Every Tuesday, England 7s star Mathew Drew Turner takes on the role of pesky reporter for RWU.
This week I’ve been pressed by the RWU Management to give my views on the world’s top 4 teams – which I’ll do first. Then I will be drawing on Ricky Gervais‘ An Idiot Abroad and giving you a glimpse of the Rugby version, An Idiot “Not” Abroad, starring my teammate, Nick Royle, to see what goes on in the head of the idiot at home at the moment. Some say he has a lower IQ than Dan Norton– which is debatable – and can’t walk and talk at the same time.
But we’ll get back to that… Let’s start my Top 4 Teams in the Rugby World Cup, which has no surprises in it; New Zealand, Australia, England and South Africa. I’m sure no one will disagree with me on that. Well, Declan Yeats will probably disagree with me, cause he’s that guy!
NEW ZEALAND: They are putting in the performances that we all expect from the world number 1’s. Dan Carter is calm and relaxed and controlling the back line perfectly. Plus, all the backs peaking at the right time. Richie McCaw getting his 100th cap and repeatedly saying it’s for the team, shows the passion he has for the team and the great leader that he is. It is scary seeing them play as a team finally – they’re gonna be hard to beat!
ENGLAND: England are getting better and better the more they play and are going about the World Cup in a quiet fashion, besides one incident – which I won’t bring up again [you know who you are]… I still feel they’re searching for their best combos in the centers, though. Personally, I think is Tulangi and Tindall, whose incident I didn’t bring up again.
AUSTRALIA: After their “shock” defeat to Ireland, they proved their class and ran in plenty of tries against USA – by no means a weak side. This is where I’d like to congratulate JJ Gagiano for solo try for USA. We played for the University of Cape Town Ikey Tigers together. JJ aside, Australia are still my team to take the World Cup.

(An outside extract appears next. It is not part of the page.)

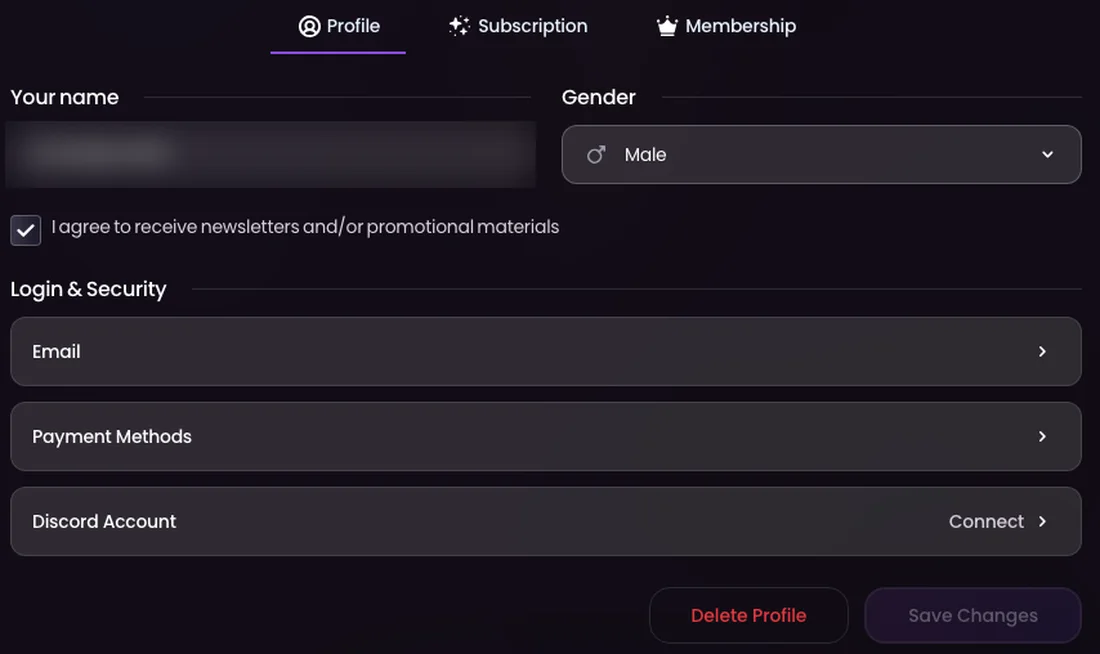 Swipey account settings with email, payment methods, Discord and a Delete Profile button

SOUTH AFRICA: The one thing South Africa has? A lot of previous World Cup winners who have been through all the pressure situations. This may not seem like a big thing, but when a player finds himself in unknown territory it can change how he plays massively! They are building game by game and their key players are getting back to their bests and some new younger talent is shinning through to with the likes of Francois Hougaard.
Now for the fun part; picking Nicky Noodles‘ (stripper name for Nick Royle) pea brain. I’ve enlisted Rob Vickerman and Dan Norton (sort of) to help me at the task.
Rob Vickerman: Do you believe that all Rugby League players are less intelligent and all northern? [Note: Nick played Rugby League]
Nicky Noodles: I dont understand the question.
Rob repeats question exactly the same way…
Rob Vickerman: Do you believe that all Rugby League players are less intelligent and all northern?
Nicky Noodles: Now you ask it like that I understand.
Rob Vickerman: So…
Nicky Noodles: So what? Can I Google it?
Rob Vickerman: What’s this WAKE story you tell people? explain?
Nicky Noodles: well you basically bet a pound a week on an old celebrity and the pot goes on until the first celeb dies.
Rob Vickerman & MDT: Are you making this up?
Nicky Noodles: Nope. It’s a game my mates and I play! Now let me finish… When the person dies, the next day you have to either wear a funeral suit or dress up as the celeb. It’s a right laugh. Oh, and the winner gets half the money and the other half goes behind the bar!
Rob Vickerman & MDT: Ha ha. You’re so special!
Rob Vickerman: If you could have any accent in the world what would it be?
Nicky Noodles: I’d like a Somerset accent.
MDT: In the whole world, you want a somerset accent?!
Nicky Noodles: Yeah, I like to say “tractor” in that accent.
MDT: Hmm… I have no words. If you could loot a shop, which one would you loot?
Nicky Noodles: Depends what specials are on in the stores! Probably a game station store, but would be a proper mission cause none of the boxes have the cd’s in so will have to find the right cds in the back room, or a grave yard. The marble price is high at the moment.
Dan Norton: But Nick, the dead person’s name will be on it. What you gonna do then!
Nicky Noodles: Oh, fu*k!
MDT: Well Nick, that was very entertaining. My stomach hurts now – you truly are very special person and have got some serious interesting things going on in your head. If you don’t land up on a tv show the world will miss out on some serious comedy.